Complementing Domain Labels with WaveEnergy Signatures for Time Series Heterogeneity
Abstract
Time series data are ubiquitous across real-world applications, yet they are highly heterogeneous in temporal dynamics, data formats, and acquisition sources, posing a major challenge for pre-training large-scale time series foundation models (TSFMs). Existing TSFMs often exploit human-assigned domain labels, which are dataset-level annotations derived from external metadata, as implicit or explicit supervision to learn domain-specific representations. However, because a single domain label is shared by all windows within a dataset, it provides a coarse and potentially ambiguous signal that fails to reflect window-level heterogeneity, where similar local dynamics can appear across domains and diverse dynamics can coexist within the same domain.
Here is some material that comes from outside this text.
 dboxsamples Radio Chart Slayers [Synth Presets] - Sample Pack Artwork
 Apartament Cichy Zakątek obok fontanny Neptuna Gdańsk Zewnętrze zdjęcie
This window-level heterogeneity makes domain-label supervision under-specified for learning dynamics-aware representations in TSFMs. To address this limitation, we introduce WaveEnergy, which uses wavelet decomposition to represent time series windows as multi-scale components and derives a dynamics-aware signature from the energy of coefficients that complements domain labels. Experimentally, WaveEnergy provides a stronger alignment with TSFM embeddings than domain labels and enables finer-grained characterization of datasets by capturing within-domain differences in temporal dynamics.